> WORK ORDER
Copy each line, word for word, from the one with "Hot Wheels Batman" through the final line of the listing, but skip the pictures.

> EXERCISE DATA
§ §
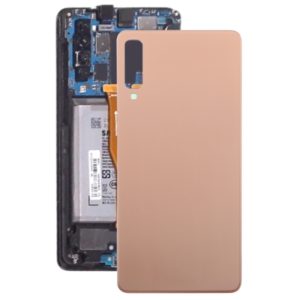For Galaxy A7 (2018), A750F/DS, SM-A750G, SM-A750FN/DS Original Battery Back Cover (Gold) (OEM)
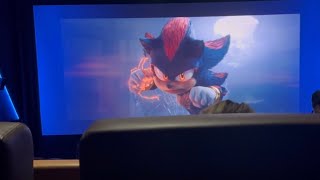 Sonic Movie 3 shortened trailer in theaters pls read desc [upl. by Daney696]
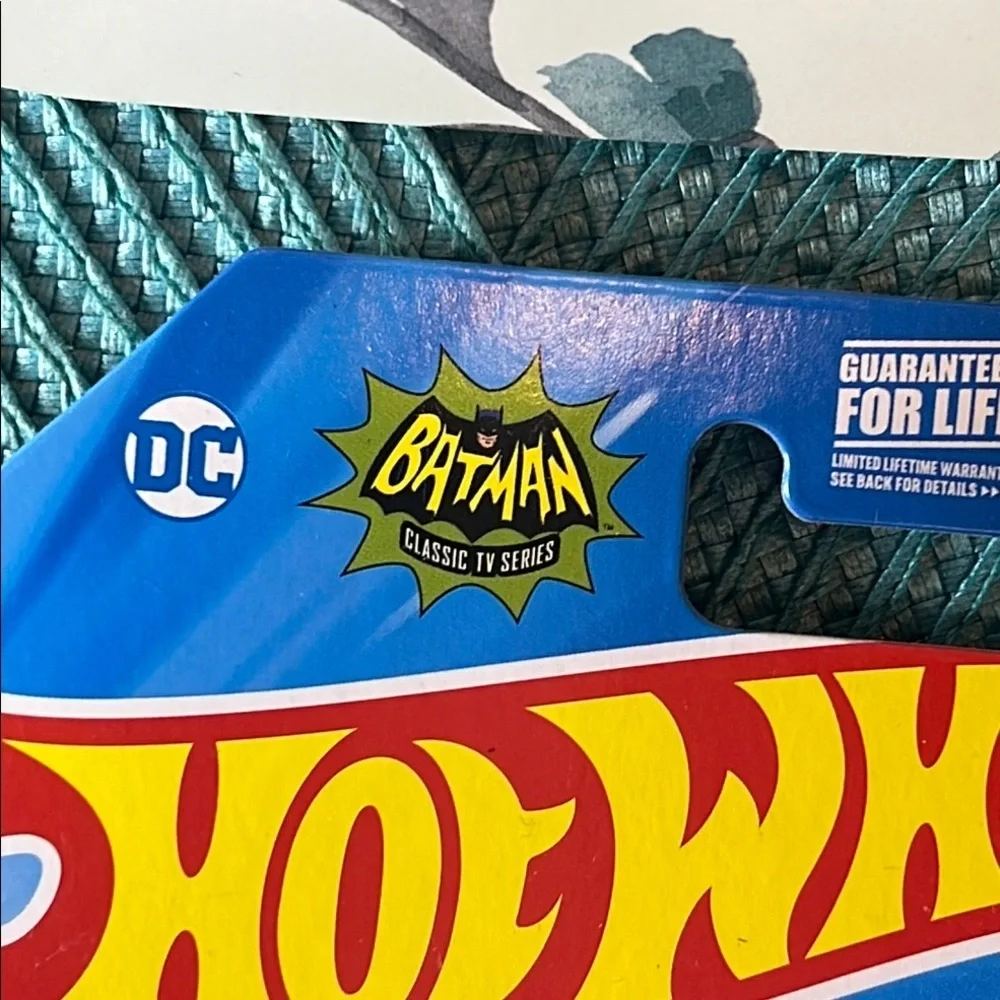 Hot Wheels Batman TV Series Batmobile - Black Hot Wheels Car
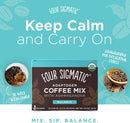 Four Sigmatic Adaptogen Coffee Mix with Ashwagandha (2.5gx10) - 10 - Coffee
§ §
> EXERCISE RESULT
 Hot Wheels Batman TV Series Batmobile - Black Hot Wheels Car
 Four Sigmatic Adaptogen Coffee Mix with Ashwagandha (2.5gx10) - 10 - Coffee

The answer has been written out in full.